The heat dome that has settled over the Central and Eastern US over the July 4 weekend is so dangerous in part because it includes high humidity along with high heat, with heat indexes of 105-115°F expected in some places. This corresponds with a Wet Bulb Global Temperature (WBGT)—a measurement that accounts for heat, humidity, and air flow—of 28-30°C, at which point it is dangerous for even healthy people to be physically active outdoors. According to World Weather Attribution, the current heatwave broke regional records for WBGT.

“It is still a relatively rare event even in today’s climate, that has warmed by 1.4°C due to the burning of fossil fuels. In a 1.4°C cooler climate, WBGTs as high as those forecast in early July 2026 would have been so extreme as to be virtually impossible,” the group wrote on Friday.

Friederike Otto, a professor of climate science at Imperial College London, told CNN, “When a historic 4th of July celebration is disrupted, and World Cup matches are played in conditions that are unsafe for players and fans, it shouldn’t take another scientific study to wake people up.”

Otto continued, “Climate change is here, it’s already impacting the things we enjoy in our everyday lives, and it will continue to get worse the longer we drag out the inevitable transition to net zero emissions.”

Climate scientist and communicator Katharine Hayhoe encouraged people to use this opportunity to talk about the climate emergency to their friends and family:
Heatwaves aren’t new. But I’m a climate scientist, and I can tell you heatwaves like this are virtually impossible without fossil fuel pollution. Not only that, but when extreme weather hits, research shows that connecting it to climate change helps people understand why it matters. And you know who the most trusted people to do that are? Not scientists. You! Yes, people we know are the most effective messengers to have these conversations. So if you’re worried about what’s happening and how extreme heat puts us at risk—talk about it!

While the US is the world’s leading historical emitter of greenhouse gas emissions, and its military is the No. 1 institutional climate polluter, the Trump administration in particular has taken steps to accelerate the climate emergency by increasing oil, gas, and coal production while hindering the development of renewable energy.

“Trump’s promotion of coal burning and cancellation of wind turbines make him the Benedict Arnold of America’s current struggle, not its George Washington.”

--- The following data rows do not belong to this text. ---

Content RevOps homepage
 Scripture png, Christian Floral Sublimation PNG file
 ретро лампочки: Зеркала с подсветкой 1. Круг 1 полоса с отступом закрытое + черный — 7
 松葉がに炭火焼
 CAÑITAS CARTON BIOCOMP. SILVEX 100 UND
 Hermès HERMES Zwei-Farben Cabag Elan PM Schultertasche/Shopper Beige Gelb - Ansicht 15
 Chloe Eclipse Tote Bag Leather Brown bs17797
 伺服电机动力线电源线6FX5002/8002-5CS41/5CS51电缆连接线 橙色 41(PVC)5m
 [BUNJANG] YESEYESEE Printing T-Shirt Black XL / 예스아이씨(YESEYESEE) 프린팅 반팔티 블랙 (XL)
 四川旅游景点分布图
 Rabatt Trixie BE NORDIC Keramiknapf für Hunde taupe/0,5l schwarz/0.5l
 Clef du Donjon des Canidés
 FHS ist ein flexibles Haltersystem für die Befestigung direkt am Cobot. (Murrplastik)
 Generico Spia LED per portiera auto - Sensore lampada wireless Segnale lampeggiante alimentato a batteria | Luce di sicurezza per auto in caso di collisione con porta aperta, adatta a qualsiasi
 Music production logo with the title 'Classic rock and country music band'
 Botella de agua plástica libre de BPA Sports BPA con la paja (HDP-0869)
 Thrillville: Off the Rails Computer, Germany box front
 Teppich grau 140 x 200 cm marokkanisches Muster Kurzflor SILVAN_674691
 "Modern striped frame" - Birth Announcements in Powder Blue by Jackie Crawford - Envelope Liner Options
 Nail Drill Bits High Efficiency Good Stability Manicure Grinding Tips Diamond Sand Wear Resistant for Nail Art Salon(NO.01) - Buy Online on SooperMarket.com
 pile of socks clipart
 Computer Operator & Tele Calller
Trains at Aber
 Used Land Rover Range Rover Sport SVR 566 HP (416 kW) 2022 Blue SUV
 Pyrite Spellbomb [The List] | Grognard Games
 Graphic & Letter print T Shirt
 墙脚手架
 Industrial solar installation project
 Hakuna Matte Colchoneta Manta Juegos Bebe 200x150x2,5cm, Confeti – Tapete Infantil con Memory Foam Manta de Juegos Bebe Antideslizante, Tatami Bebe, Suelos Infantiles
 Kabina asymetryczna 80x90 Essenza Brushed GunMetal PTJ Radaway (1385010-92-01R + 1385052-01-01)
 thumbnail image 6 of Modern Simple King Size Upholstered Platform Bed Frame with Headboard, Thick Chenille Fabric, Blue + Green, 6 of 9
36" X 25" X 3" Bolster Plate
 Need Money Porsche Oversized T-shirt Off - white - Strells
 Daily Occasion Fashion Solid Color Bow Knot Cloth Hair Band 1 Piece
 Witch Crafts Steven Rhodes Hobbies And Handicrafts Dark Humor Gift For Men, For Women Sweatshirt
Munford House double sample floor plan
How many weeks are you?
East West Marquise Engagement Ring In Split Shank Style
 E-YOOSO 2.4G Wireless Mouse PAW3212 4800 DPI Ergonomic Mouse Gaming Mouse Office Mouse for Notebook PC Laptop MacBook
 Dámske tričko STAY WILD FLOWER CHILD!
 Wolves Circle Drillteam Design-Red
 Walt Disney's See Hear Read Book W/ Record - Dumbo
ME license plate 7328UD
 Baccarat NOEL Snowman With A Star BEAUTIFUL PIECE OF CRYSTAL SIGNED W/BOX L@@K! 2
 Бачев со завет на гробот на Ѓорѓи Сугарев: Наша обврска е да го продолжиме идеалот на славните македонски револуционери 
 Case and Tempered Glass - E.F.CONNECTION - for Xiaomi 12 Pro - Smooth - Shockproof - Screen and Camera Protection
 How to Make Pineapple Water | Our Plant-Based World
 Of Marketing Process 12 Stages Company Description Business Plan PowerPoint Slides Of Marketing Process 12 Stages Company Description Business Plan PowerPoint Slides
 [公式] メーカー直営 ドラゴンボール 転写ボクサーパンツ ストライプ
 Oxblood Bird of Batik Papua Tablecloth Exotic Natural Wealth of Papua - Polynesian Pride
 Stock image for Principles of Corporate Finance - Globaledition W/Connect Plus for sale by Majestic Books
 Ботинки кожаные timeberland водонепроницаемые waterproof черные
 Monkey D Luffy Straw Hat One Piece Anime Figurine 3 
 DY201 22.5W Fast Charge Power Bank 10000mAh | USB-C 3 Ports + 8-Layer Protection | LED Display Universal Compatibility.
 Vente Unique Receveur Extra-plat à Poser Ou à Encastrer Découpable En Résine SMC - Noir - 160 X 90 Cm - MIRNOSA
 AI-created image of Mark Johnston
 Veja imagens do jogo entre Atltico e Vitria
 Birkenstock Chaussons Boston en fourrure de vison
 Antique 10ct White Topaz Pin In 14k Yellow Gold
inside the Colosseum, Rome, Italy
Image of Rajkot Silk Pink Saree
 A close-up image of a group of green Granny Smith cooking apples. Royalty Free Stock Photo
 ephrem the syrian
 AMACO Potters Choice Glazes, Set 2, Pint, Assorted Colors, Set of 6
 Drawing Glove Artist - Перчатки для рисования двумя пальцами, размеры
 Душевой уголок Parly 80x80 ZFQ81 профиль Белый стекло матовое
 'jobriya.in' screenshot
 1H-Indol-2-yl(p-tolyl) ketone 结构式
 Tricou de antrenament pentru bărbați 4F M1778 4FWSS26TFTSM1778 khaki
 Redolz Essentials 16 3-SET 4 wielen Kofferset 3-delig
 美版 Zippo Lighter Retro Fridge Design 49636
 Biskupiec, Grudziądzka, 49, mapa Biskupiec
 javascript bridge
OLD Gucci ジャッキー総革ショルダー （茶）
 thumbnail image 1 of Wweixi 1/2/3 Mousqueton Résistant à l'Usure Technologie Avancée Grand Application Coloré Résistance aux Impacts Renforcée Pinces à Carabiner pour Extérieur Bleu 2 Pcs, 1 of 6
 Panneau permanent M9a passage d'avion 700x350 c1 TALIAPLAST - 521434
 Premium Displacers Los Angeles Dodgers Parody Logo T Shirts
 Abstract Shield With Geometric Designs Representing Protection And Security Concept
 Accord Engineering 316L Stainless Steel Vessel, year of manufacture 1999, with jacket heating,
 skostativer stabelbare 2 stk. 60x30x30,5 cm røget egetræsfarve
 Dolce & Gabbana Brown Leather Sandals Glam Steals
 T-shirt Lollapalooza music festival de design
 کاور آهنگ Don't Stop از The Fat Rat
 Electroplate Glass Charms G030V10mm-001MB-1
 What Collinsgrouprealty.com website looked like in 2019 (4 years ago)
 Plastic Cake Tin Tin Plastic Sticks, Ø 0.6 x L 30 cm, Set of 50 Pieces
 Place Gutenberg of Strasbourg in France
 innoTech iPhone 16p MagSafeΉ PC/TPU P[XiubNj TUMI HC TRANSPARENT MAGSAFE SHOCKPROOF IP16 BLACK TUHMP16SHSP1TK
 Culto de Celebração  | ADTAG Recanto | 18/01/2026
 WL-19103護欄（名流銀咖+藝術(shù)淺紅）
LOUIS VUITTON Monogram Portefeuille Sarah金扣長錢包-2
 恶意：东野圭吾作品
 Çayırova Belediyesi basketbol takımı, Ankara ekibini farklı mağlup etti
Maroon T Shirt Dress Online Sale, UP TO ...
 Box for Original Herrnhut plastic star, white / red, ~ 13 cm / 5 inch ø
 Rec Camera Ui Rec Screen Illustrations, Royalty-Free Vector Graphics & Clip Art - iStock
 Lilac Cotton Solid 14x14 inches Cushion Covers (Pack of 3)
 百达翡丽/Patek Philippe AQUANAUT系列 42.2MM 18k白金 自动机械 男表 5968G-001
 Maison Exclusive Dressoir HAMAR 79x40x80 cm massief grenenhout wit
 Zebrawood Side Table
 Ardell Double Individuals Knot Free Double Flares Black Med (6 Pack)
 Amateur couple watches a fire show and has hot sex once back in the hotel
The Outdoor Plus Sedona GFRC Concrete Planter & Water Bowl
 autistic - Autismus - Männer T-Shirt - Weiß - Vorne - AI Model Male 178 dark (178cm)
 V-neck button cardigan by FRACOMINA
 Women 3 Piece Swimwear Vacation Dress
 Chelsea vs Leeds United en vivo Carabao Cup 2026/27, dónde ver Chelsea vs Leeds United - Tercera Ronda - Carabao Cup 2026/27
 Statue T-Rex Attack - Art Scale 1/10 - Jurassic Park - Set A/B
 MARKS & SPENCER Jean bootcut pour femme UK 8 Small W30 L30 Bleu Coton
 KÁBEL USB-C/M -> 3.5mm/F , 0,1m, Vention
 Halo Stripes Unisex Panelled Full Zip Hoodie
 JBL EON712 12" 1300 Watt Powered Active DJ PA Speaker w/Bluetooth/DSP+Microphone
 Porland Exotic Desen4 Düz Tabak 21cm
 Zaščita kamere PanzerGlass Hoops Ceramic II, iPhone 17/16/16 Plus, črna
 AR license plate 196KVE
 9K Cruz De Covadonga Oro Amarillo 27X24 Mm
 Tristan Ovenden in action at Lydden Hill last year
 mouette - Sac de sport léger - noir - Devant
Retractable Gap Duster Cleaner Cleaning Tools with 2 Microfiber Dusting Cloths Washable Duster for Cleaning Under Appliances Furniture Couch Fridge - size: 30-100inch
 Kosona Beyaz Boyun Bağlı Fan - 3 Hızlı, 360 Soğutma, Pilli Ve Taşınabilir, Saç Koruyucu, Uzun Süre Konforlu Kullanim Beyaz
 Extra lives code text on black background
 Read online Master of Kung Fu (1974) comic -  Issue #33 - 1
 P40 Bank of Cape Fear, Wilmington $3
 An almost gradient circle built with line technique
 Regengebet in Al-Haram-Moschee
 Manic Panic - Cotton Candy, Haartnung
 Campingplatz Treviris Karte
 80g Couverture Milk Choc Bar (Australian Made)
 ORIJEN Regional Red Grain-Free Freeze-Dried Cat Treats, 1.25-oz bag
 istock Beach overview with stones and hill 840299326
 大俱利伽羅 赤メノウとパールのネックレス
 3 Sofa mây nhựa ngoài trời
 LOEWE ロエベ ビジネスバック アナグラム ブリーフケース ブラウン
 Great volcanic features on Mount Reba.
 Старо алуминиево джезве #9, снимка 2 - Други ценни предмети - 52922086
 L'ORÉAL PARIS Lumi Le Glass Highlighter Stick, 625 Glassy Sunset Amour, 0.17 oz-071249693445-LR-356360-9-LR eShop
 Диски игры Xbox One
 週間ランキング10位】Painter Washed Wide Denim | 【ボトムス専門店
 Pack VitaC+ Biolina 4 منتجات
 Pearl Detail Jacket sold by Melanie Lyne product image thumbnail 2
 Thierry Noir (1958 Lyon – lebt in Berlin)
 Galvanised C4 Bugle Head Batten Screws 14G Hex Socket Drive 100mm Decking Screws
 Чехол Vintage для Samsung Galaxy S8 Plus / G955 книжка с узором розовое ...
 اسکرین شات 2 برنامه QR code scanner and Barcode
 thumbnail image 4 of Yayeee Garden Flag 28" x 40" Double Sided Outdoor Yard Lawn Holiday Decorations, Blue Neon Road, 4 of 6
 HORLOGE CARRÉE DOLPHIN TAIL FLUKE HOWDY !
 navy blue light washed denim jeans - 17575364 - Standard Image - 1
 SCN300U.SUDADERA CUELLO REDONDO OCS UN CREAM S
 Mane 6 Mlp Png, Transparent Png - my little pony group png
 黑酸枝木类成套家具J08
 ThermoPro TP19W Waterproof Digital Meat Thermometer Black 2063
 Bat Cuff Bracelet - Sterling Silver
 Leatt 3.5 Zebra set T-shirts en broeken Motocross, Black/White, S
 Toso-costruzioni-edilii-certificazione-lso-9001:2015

Just two days before the nation’s birthday, Energy Secretary and fracking CEO Chris Wright bragged on social media that the Trump administration would end subsidies for new wind and solar on July 4.

Climate scientist Rebekah Jones shot back: “During a record heatwave, no less. Fossil fuel industries have received $549 BILLION in direct subsidies, and $7 TRILLION in tax benefits. They average $30 billion per year in upfront taxpayer money. All of renewable energy recieved $400 million per year from 1994-2009.”

Tennessee state Sen. Heidi Campbell (D-20) also called out the move: “Talk about ‘slugs for salt’—it’s 119 degree heat index in the Eastern US this week—these guys are all in on the rapture.”

In a July 4 post, scholar Juan Cole argued that President Donald Trump’s climate policies were tantamount to treason.

“Since 2018, some 13,000 Americans have died from heat,” he said. “Trump’s promotion of coal burning and cancellation of wind turbines make him the Benedict Arnold of America’s current struggle, not its George Washington.”

Cole pointed out that the current heatwave was part of a pattern of hotter summers in the nation’s capital due to the climate emergency, noting that the last decade was its hottest on record.

He continued:
The bad news is that this is only the beginning. Summers in the capital are going to be more dangerous every decade unless we halt dangerous carbon emissions.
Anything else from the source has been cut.